And after I fretted over one of my favorite burger joints for more than nine months, the beloved LC’s Hamburgers in the Northland, reopened — finally! — last March after a 2014 fire closed it for nearly a year.

Pizza? There’s always a place for new pizzerias in the metro, and this year’s bounty of pie shops included two fast-serve restaurants: Pizzeria Locale in Waldo (in partnership with the Chipotle chain) and the independently owned Topp’d, at 3934 Rainbow, the brainchild of pizzeria veteran Chad Talbott.

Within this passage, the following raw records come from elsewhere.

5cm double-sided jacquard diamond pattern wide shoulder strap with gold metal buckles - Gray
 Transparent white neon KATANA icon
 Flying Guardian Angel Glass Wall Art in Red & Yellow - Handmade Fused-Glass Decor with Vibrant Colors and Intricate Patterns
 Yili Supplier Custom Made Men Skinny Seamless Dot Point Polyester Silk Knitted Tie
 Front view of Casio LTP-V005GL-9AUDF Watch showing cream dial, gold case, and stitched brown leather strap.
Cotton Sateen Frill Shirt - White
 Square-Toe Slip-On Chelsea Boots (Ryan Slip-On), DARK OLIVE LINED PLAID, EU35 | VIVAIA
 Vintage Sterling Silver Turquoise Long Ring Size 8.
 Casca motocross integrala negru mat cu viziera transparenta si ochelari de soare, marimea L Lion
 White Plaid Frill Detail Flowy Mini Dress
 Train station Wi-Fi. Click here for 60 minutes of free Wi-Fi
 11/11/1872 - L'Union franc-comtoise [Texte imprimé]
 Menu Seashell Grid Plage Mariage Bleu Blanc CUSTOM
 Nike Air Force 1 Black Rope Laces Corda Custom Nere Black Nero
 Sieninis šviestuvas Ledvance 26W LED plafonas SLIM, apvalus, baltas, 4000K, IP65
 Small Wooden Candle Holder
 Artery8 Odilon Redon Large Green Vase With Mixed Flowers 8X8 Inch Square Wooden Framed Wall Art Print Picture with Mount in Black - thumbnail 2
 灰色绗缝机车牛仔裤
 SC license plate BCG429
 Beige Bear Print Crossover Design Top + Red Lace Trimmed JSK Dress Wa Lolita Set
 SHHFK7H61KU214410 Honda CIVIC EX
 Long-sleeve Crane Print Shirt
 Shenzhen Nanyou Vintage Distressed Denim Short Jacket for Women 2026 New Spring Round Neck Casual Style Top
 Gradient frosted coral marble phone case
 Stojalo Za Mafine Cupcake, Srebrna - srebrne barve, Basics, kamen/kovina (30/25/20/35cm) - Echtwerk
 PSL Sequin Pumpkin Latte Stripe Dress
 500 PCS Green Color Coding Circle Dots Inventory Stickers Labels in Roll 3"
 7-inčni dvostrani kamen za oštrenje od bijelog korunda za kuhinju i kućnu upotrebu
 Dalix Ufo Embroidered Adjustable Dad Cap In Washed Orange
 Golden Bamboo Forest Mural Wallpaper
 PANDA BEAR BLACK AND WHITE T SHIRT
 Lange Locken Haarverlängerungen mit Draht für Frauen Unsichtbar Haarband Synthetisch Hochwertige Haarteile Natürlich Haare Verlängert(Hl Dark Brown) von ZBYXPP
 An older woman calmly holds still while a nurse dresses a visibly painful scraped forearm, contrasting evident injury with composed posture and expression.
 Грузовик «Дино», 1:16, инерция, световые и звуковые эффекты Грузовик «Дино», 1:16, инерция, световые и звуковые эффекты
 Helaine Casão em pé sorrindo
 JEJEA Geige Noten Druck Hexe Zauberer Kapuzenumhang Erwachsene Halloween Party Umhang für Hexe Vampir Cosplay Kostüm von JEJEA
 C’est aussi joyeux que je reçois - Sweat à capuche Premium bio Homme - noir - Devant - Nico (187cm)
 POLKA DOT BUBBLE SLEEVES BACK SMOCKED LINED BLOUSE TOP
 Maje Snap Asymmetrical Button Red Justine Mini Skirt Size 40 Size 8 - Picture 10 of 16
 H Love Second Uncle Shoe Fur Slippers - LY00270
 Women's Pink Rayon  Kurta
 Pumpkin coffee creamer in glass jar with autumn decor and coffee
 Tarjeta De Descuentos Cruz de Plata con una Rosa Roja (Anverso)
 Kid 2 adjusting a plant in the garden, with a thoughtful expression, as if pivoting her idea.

The biggest pizza news of the year was the opening of Erik Borger’s Il Lazzarone in the River Market. Borger’s first pizzeria of that name, in St. Joseph, is the only pizzeria in the state of Missouri to be officially authenticated as Neapolitan pizza by the American Delegation of the Associazione Verace Pizza Napoletana. Borger is attempting to get the same rare imprimatur for the Kansas City restaurant.

Papa Keno’s returned to the same location in Westport that it had abandoned in 2008 — the short-lived trattoria, the Boot, briefly occupied the space until Papa Keno’s took over the lease again.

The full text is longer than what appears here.